Visitar o passado é uma tarefa comum a todos nós. Quem nunca recordou um momento, escutou novamente uma música ou assistiu muitas vezes um filme para experimentar quais sentimentos o acompanhariam?
Seja um local físico ou uma lembrança, tal como uma flor guardada entre as páginas de um diário ou a recordação de uma viagem, o passado remete a uma série de sentimentos. Mas seriam estes sentimentos sempre os mesmos ou estariam todos em constante mutação?
“Visitar o passado é como uma porta que se abre diante de uma estrada cheia de caminhos e, por mais que se repita a viagem, um caminho nunca será igual ao outro”.
Este é um ponto de vista semelhante ao meu e que nunca encontrei tão bem sintetizado quanto nesta frase. Isso me intriga já faz muito tempo!
Quando era pequeno e minha família decidiu demolir nossa casa no sítio em Jundiaí para construir a casa atual lembro-me de ter visitado a obra várias vezes. Numa dessas visitas ajudei os pedreiros a derrubarem uma das paredes do quarto dos meus pais. Ali seria, futuramente, o banheiro do meu próprio quarto.
Quando a parede veio abaixo num estampido seco sobre o concreto percebi, como uma criança preocupada, que havia derrubado a parede de casa. Um prego amassado que sustentava o quadro sobre a cabeceira da cama dos meus pais caíra bem perto do meu pé. Corri para casa, coloquei-o dentro de um envelope de lembranças no criado mudo e, inevitavelmente, durante várias arrumações, encontrei aquele prego novamente. Lembro-me de já ter sentido por ele compaixão, alegria, tristeza, saudades, amor, pena e, finalmente, vergonha por guardar um prego velho e enferrujado.
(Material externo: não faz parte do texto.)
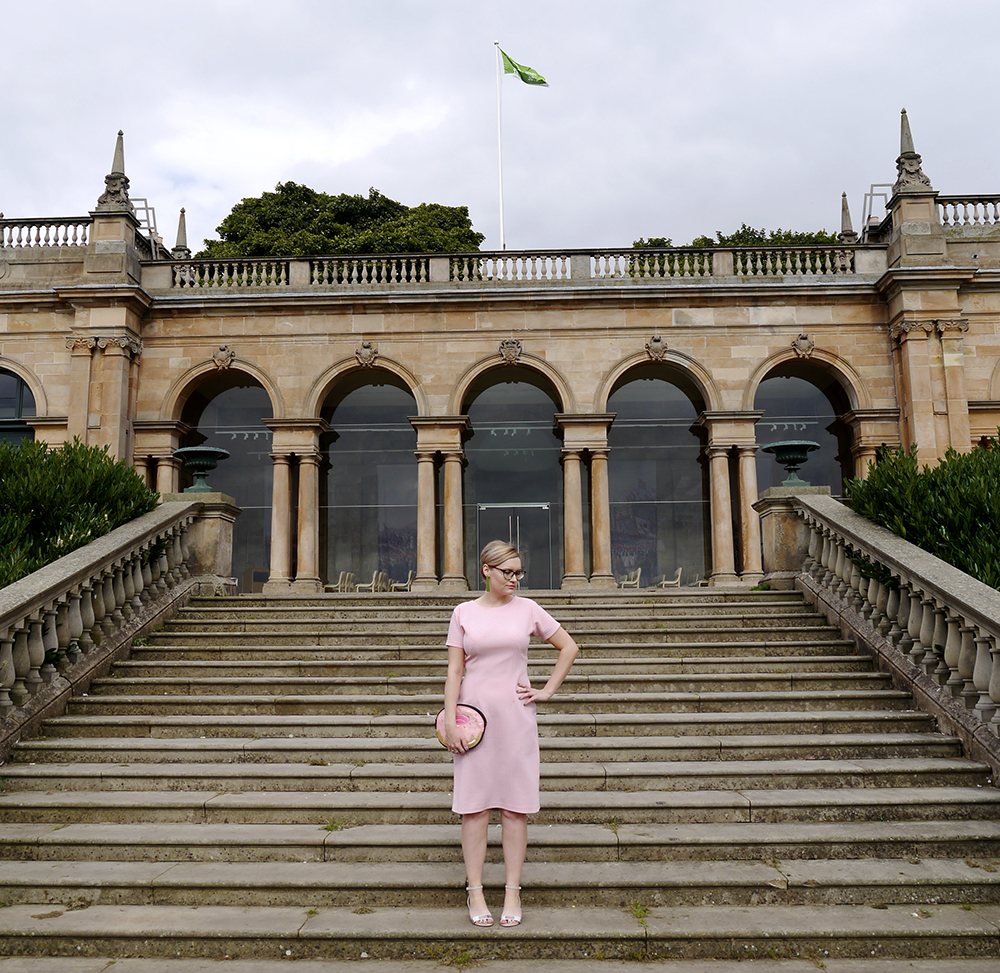 Kimberley wearing sixties candy floss dress and donut bag Wardrobe Conversations, Kimberley, styled by kimberley, candy pink sixties dress, vintage weigh and pay, dundee blogger, edinburgh blogger, scottish style blogger, vintage style scotland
Um prego tão velho que nem parece mais importante.
Um dia decidi jogá-lo fora. E o fiz. Naquele momento não houve sentimento. O prego já tinha sido visitado o suficiente e fora para o lixo.
Se arrependimento matasse, aquele prego ainda estaria comigo. Dei a ele um presente mais digno. Ninguém deseja ser, para sempre, um prego amassado.
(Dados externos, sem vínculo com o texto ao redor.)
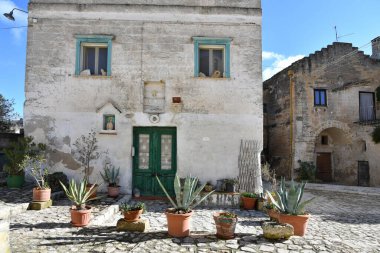 İtalya 'nın Basilicata bölgesindeki Matera antik kentinin evleri arasında bir sokak..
Alguns anos depois, visitando o velho envelope, decidi que não queria mais saber do passado. Percebi que as pessoas que o visitam constantemente acabam se enganando em relação aos seus próprios sentimentos.
É visceral observar alguém que se depara com a sua própria história. Nunca podemos repeti-la com exatidão. Os momentos chegam até nós como numa brincadeira de telefone sem fio e quem brinca conosco é um bando torto de sentimentos.
Hoje, quando observo pessoas bebendo do riacho das “águas passadas” e sentindo-se culpadas, gosto de imaginar que decoraram um caminho sujo, longo e nebuloso demais para fazer suas visitas ao passado. E a cada visita o caminho difere do anterior. Raramente difere o suficiente para que o passado se perca ou seja deixado para trás.
Por mais que o passado pareça estático, não é.
Não é estático por que o caminho até ele muda o tempo.
Assim, uma flor em um diário não é apenas uma flor seca entre páginas de histórias.
É um caminho percorrido várias vezes.
Ida e volta.
O suficiente.
Até, enfim, torna-se apenas uma flor seca a ser retirada dali.